Christian groups vow sinicization support
Regulation calls for compatibility with Confucian values, Chinese laws
China’s Christian communities vow to explore blending church activities with Chinese characteristics, and stressed that Christian activities be conducted in accordance with Chinese laws, according to a revised regulation on Christian churches passed on Tuesday.
Gao Feng, president of the China Christian Council (CCC) and Xu Xiaohong, secretary-general of the Three-Self Patriotic Movement of the Protestant Churches in China (TSPM), attended a joint meeting of the CCC and TSPM where the revised regulation was approved. Eighty-three standing committee members of the two organizations attended the meeting in Beijing on Tuesday, CCC and TSPM reported on their joint website on Tuesday.
The revised document aims to regulate Chinese Christian churches to make Christians patriotic and conduct religious activities in line with the socialist society. Churches should respect Chinese traditional culture and explore new forms of religious activities with Chinese characteristics, the report said.

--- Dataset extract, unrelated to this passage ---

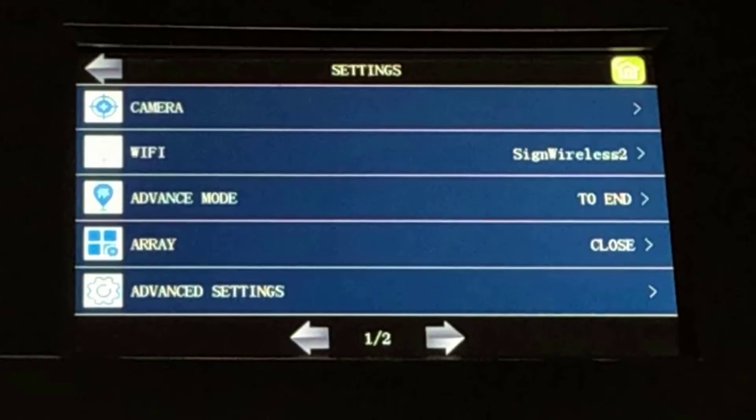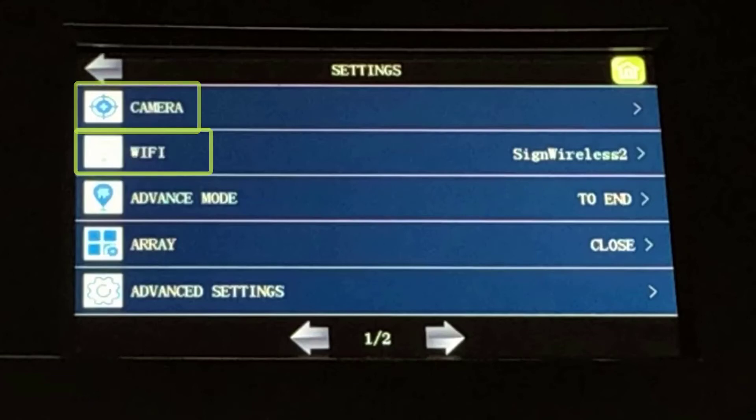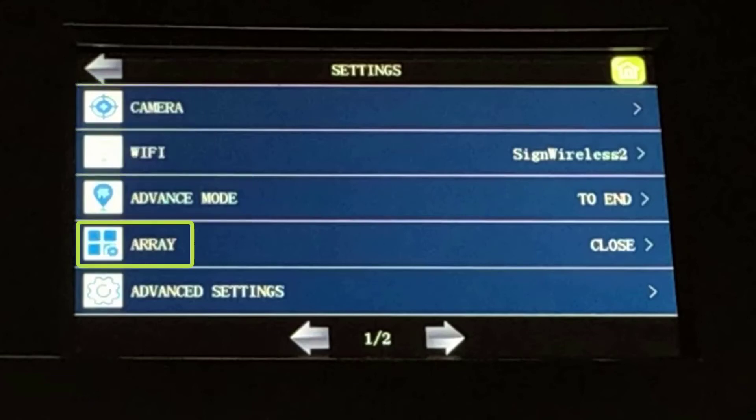The options on page one of the Settings menu are Camera, Wi-Fi, Advanced Mode, Array, and Advanced Settings.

The revised regulation focuses on more practical issues, and provides a guideline for local churches in managing religious affairs in line with laws. CCC and TSPM will be more active in administering domestic churches, said the report.

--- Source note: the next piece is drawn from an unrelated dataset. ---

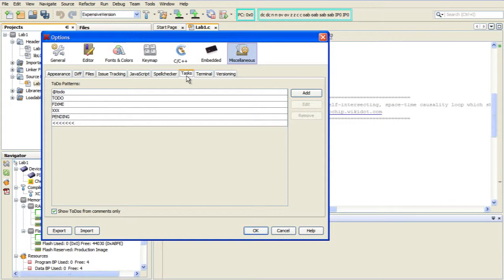And from here, you can very easily add your own by clicking on the Add button, or you can edit or remove any of the existing ones to suit your needs. So, let's see these in action now.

The revision reflects the consensus among domestic Christians that the 2008 regulation no longer fits Chinese society, a Beijing-based religious scholar who requested anonymity, told the Global Times on Wednesday.
The religion should adjust in several aspects, including its customs and buildings. The religious philosophy, such as its understanding of doctrines and morality, should also be compatible with Chinese culture, which centers on the Confucian values of harmony and inclusiveness, the expert said.
Zhu Weiqun, former head of the Ethnic and Religious Affairs Committee of the National Committee of the Chinese People’s Political Consultative Conference, told the Global Times on Wednesday that abiding by laws is the bottom line for a religion to conduct activities in China.
“As organizations in China, churches should serve the nation and the people,” Zhu said, noting that some illegal churches are using religion as a means to collect money from the people.
“The adjustment is a long-term goal for religions that cannot be ‘fully completed,’” Zhu stressed.
CCC and TSPM issued a five-year plan in March on the sinicization of Christianity, including identifying content in the Bible that are in line with core socialist values, then turning them into easily understood reading materials. The plan also promotes Chinese elements in preaching, religious poems and songs, clothing and church designs. Preacher training will also be organized.
In July, religious groups in China proposed that all religious venues should raise the national flag to strengthen their respect to the flag. The move would strengthen national consciousness, help religious believers better practice socialist core values, and carry forward the tradition of patriotism.